Find how many lines in the entries below carry the word "Snapshot" and answer with only that figure.

- Opening Delimiter -

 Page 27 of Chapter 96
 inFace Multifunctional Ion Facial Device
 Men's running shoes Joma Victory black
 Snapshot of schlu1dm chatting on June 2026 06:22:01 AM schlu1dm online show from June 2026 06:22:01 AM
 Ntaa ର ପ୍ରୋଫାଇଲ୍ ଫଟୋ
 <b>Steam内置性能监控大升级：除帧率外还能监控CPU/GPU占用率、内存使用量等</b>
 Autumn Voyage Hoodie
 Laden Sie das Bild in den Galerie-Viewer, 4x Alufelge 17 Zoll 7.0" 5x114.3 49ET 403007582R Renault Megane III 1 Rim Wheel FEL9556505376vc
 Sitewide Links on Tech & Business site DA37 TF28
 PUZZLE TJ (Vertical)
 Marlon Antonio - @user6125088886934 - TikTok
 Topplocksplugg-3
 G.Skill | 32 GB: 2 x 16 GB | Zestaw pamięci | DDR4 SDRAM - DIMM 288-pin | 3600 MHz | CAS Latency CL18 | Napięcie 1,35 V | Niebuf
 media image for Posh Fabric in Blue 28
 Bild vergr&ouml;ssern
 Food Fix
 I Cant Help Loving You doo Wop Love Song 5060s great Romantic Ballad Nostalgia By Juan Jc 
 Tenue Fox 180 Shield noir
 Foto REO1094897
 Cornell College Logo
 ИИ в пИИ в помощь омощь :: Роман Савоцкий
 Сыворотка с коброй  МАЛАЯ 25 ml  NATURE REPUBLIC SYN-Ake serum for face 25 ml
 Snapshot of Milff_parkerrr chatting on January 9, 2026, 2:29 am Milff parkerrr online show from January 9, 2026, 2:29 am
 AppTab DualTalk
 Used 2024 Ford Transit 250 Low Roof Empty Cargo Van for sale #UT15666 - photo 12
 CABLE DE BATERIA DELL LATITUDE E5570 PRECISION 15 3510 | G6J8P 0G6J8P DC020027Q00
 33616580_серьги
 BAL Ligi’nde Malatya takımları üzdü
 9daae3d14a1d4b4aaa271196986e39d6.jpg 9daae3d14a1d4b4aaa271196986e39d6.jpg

- Closing Delimiter -

**Output for this exercise:**
2